▽

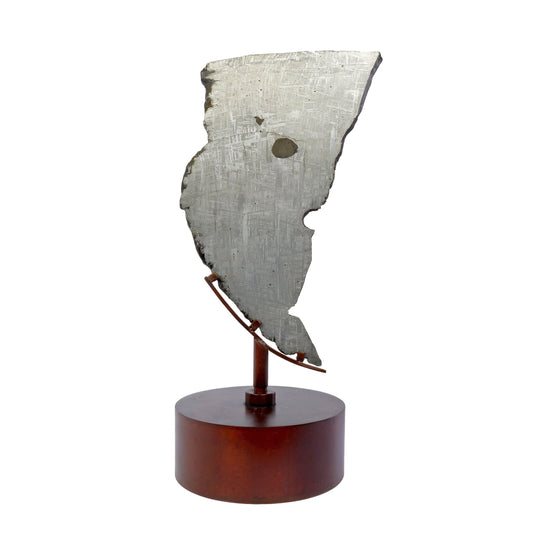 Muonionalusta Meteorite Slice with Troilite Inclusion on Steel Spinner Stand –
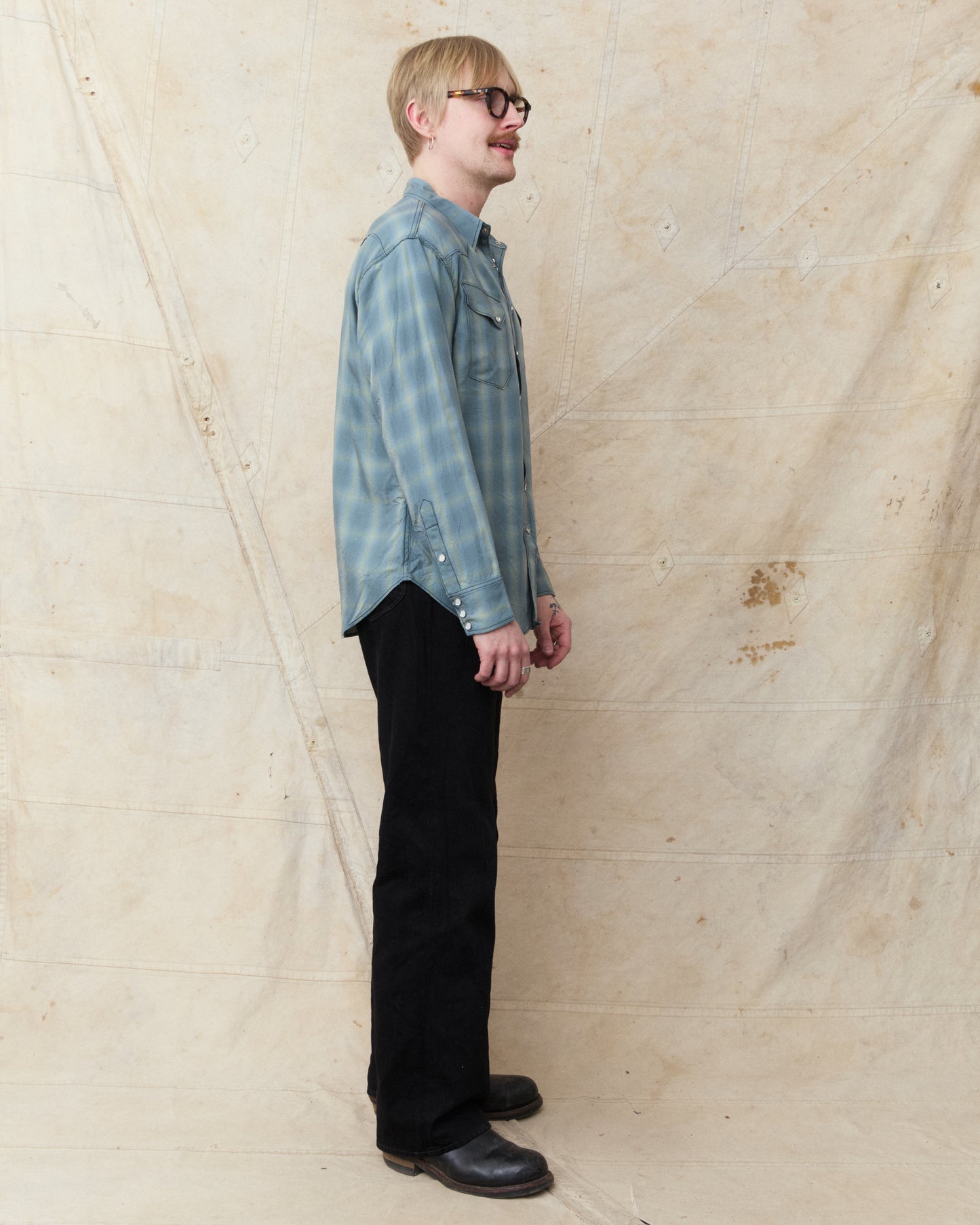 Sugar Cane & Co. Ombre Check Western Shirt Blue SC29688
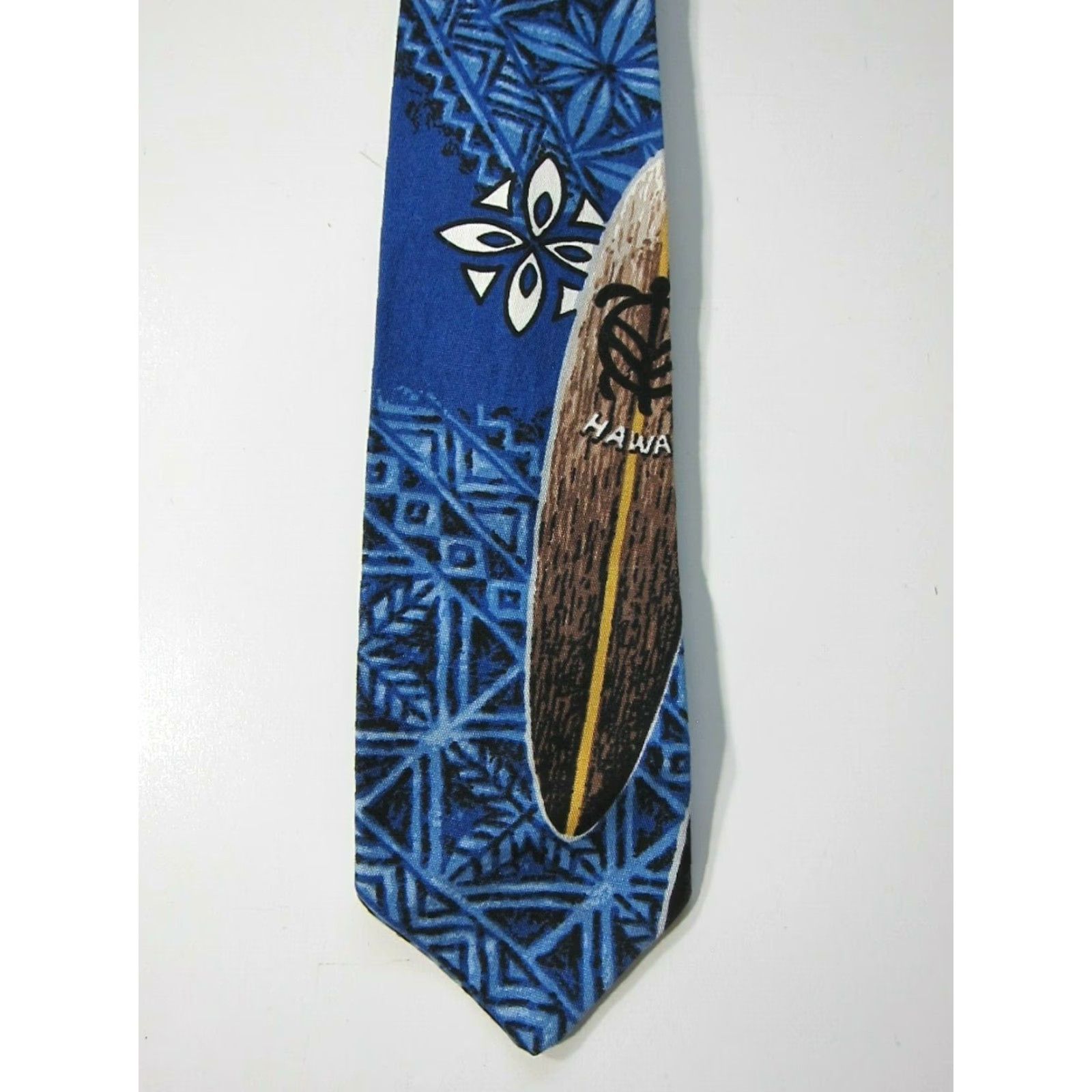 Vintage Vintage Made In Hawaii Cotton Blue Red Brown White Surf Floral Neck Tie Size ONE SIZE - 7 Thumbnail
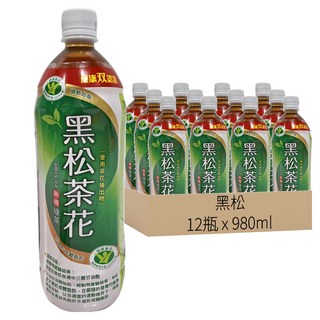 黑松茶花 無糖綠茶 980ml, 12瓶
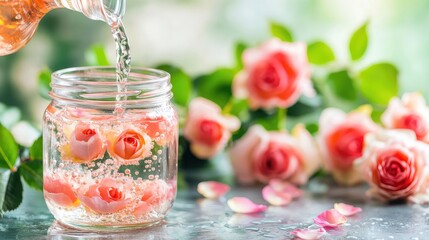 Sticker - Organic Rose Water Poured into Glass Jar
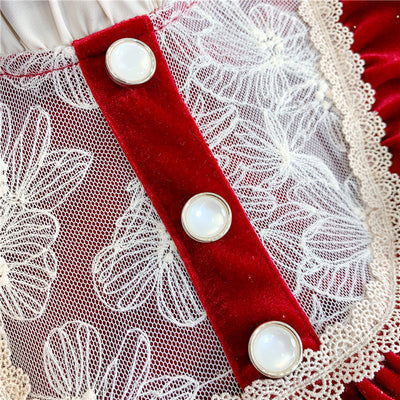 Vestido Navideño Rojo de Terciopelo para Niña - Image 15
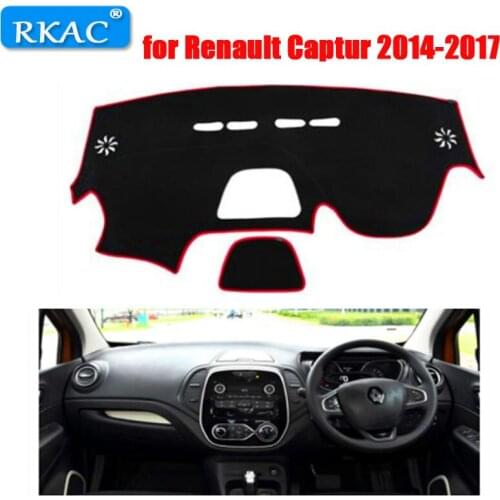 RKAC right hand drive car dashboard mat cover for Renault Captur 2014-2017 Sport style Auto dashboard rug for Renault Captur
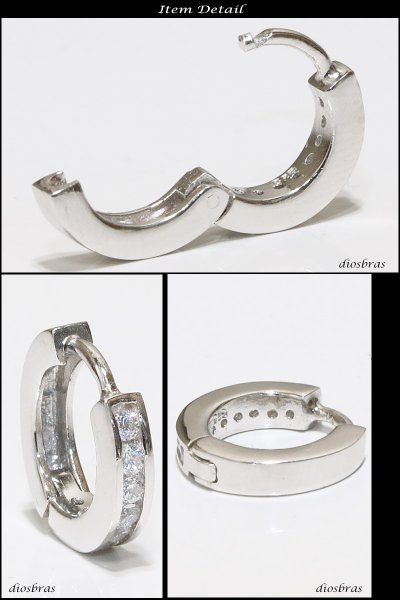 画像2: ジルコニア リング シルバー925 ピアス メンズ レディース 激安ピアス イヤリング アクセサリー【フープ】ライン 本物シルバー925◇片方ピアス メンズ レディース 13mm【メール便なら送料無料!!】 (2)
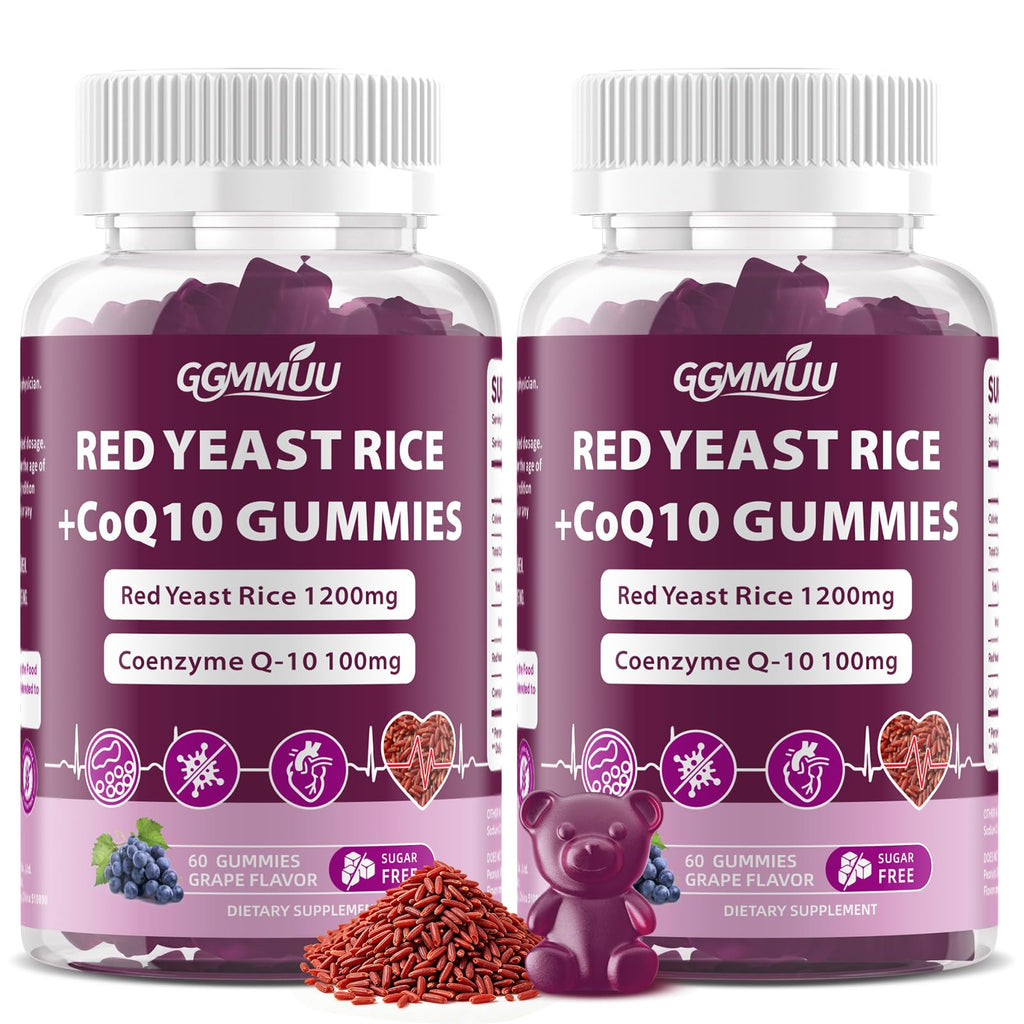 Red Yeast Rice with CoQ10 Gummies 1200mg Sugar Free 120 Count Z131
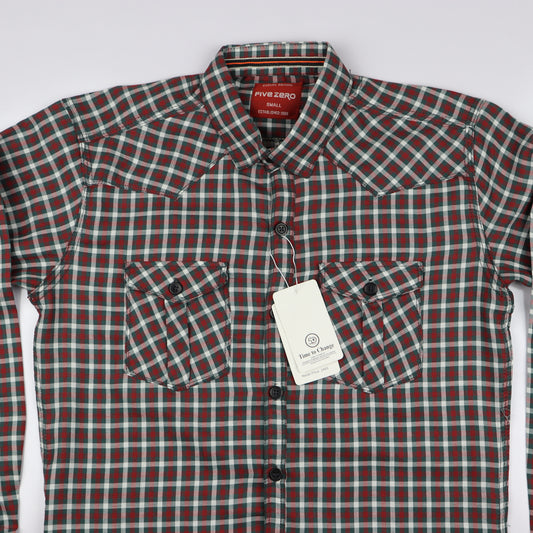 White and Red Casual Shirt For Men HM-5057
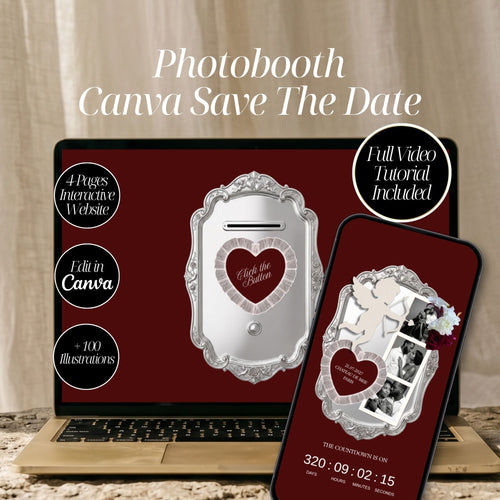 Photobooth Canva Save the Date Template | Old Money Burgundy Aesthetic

△

Pictures stay out; the entries above are to be output exactly as given.

* [SOLVED EXERCISE]:
 Muonionalusta Meteorite Slice with Troilite Inclusion on Steel Spinner Stand –
 Sugar Cane & Co. Ombre Check Western Shirt Blue SC29688
 Vintage Vintage Made In Hawaii Cotton Blue Red Brown White Surf Floral Neck Tie Size ONE SIZE - 7 Thumbnail
 黑松茶花 無糖綠茶 980ml, 12瓶
 Sticker - Organic Rose Water Poured into Glass Jar
 Vestido Navideño Rojo de Terciopelo para Niña - Image 15
 RKAC right hand drive car dashboard mat cover for Renault Captur 2014-2017 Sport style Auto dashboard rug for Renault Captur
 画像2: ジルコニア リング シルバー925 ピアス メンズ レディース 激安ピアス イヤリング アクセサリー【フープ】ライン 本物シルバー925◇片方ピアス メンズ レディース 13mm【メール便なら送料無料!!】 (2)
 Red Yeast Rice with CoQ10 Gummies 1200mg Sugar Free 120 Count Z131
 White and Red Casual Shirt For Men HM-5057
 Photobooth Canva Save the Date Template | Old Money Burgundy Aesthetic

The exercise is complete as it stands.